The Conservative Party has been ridiculed after eagle-eyed Scottish voters spotted the right-wing party had distributed duplicate anti-independence leaflets attributing word-for-word views to different party politicians.
 
The Wings Over Scotland politics blog published the various versions of the leaflet distributed around Scotland, in which Tory MP David Mundell (pictured), MSP John Lamont and Tory candidate Alexander Burnett all expressed exactly the same views and gave the same answers – word for word – to identical questions posed by allegedly different constituents.

In Mr Mundell’s leaflet, the story of why couple ‘Keith and Michelle’ will be voting No was featured in a family-friendly interview, although there was no mention that Keith is actually Conservative councillor Keith Cockburn.

Bizarrely, the exact same article was also printed in Conservative candidate Alexander Burnett’s constituency leaflet, except he and his wife Lavinia were the featured couple and were attributed identical quotes to the Cockburns.

On the Wings blog, poster JWil commented:  “You would have thought that Mundell might have picked a genuine Tory supporting family, with no specific political responsibilities, for his endeavour.

“Is the only Tory MP in Scotland saying that he could only find this one family group from all of the people who voted for him?

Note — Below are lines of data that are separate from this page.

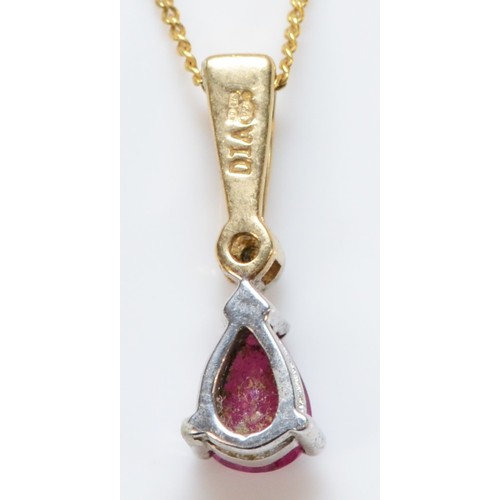 674 - A 9ct gold ruby and diamond pendant with chain, 15mm total pendant length, 1.4g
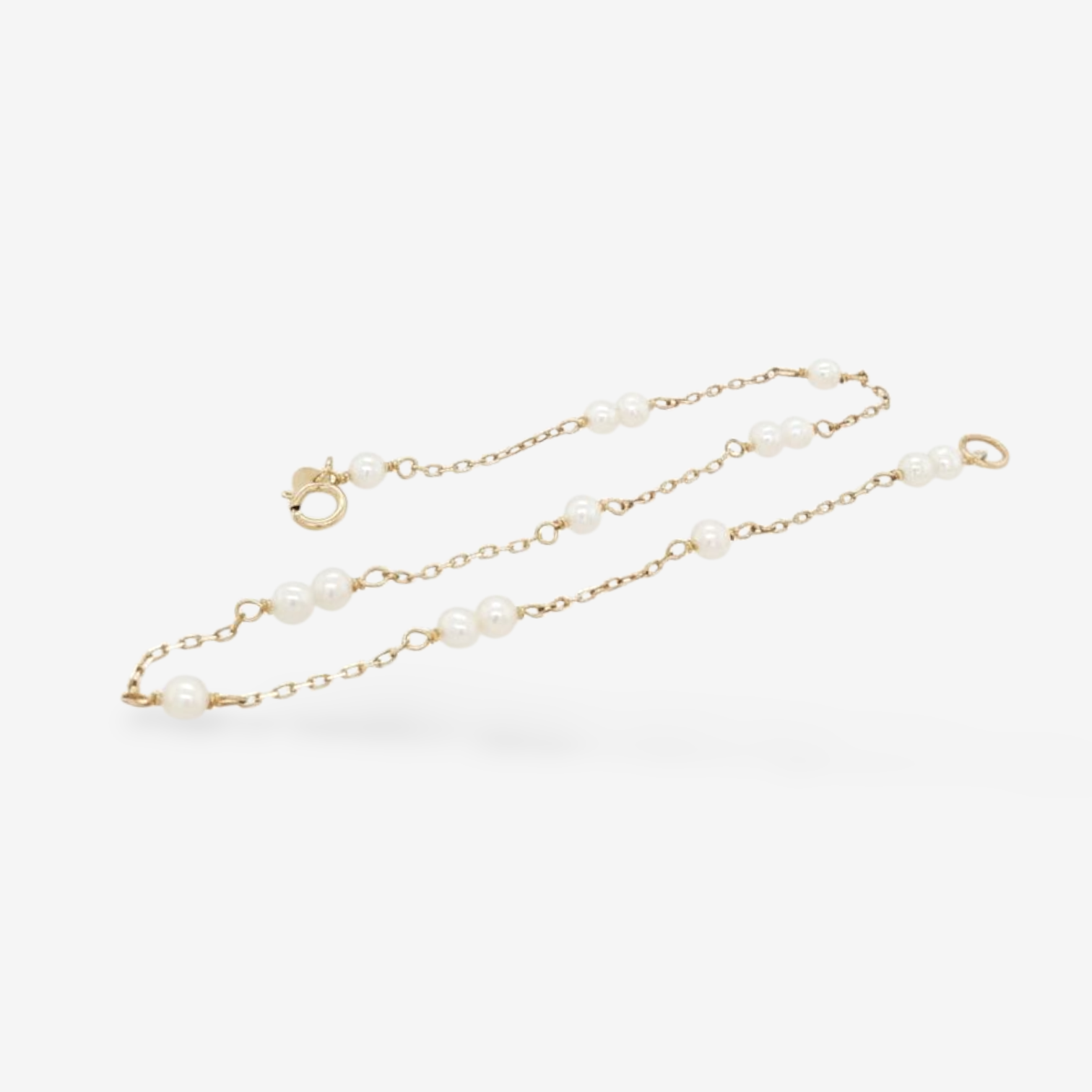 Tobillera (24 cm) Tejido Cable c/ Perlas Redondas Cultivadas (3 mm) c/ Cierre Spring - Oro Amarillo 14Kts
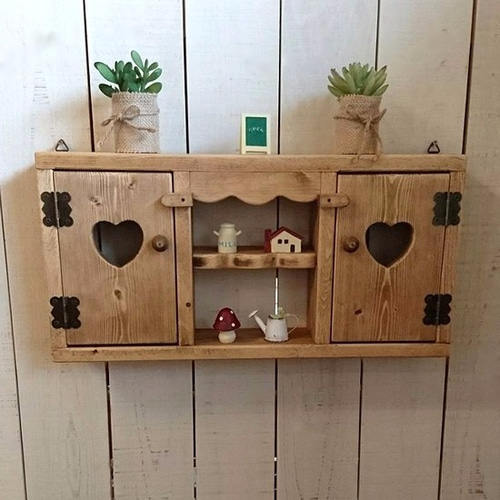 カントリー 木製 ハート♪ オープンシェルフ パイン材 カントリー家具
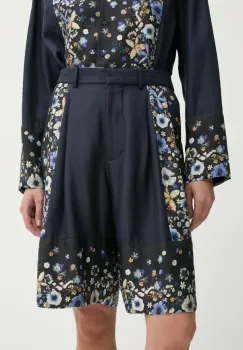 MUNTHE pantaloni scurti din matase FABIANE culoarea albastru marin, modelator, high waist, 251140125118 imagine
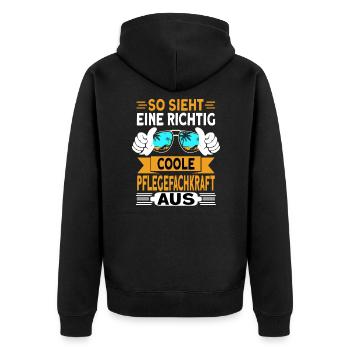 Pflegefachkraft Altenpfleger Pflegerin - Unisex Premium Bio Zip Hoodie - Schwarz - Hinten - Nico (187cm)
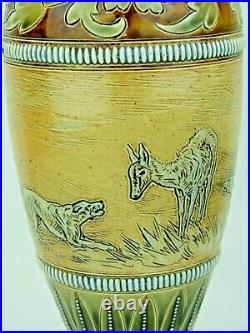 A Rare Doulton Lambeth Hunting Dog Vase by Hannah Barlow & Frank Butler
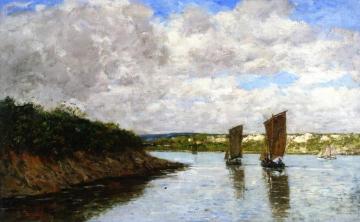 Brittany, Sailboats in the Bay Artwork by Eugène-Louis Boudin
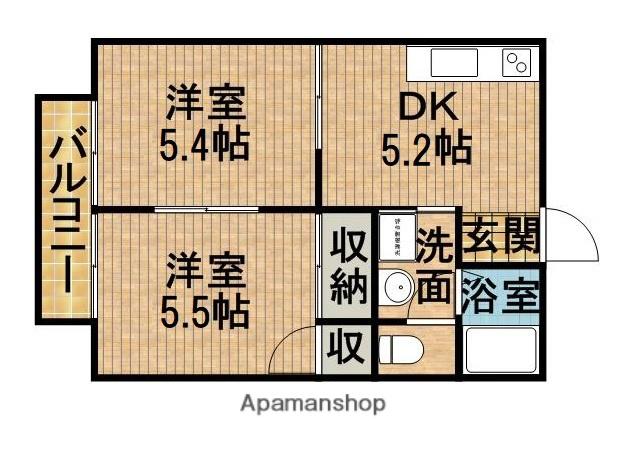 コンシェンス(2K/2階)の間取り写真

The Tories in Scotland really are in a worse state than we imagined.”

Another poster, Eric D, questioned why the replicated leaflets story had not been picked up by the Scottish mainstream media.

“The media would be in a frenzy if Yes Scotland had been caught doing this,” he wrote.  “The bias sickens me, and I now see journalists and editors the same way I see those MPs exposed in the expenses scandals.

“The only different is that some of those MPs went to prison for lying and dishonesty.  Those media hacks get away with it – or are promoted.”

The leaflets fiasco adds to a bad week for the anti-independence campaign after Yes Scotland countered claims carried in national newspapers that Better Together had been “inundated” with small donations since Alistair Darling appeared on a television debate with Alex Salmond.

A Yes Scotland spokesman said: “As the Financial Times reported recently, the No campaign is funded by ‘billionaire bankers, property companies and Conservative Party supporters’ – the very people who are least likely to support a fairer, more equal society in Scotland, and many of whom do not have a vote in the referendum.

“The snap post-TV debate poll showed support for Yes at 47 per cent and the First Minister won the debate by a margin of some three to one among undecided voters.”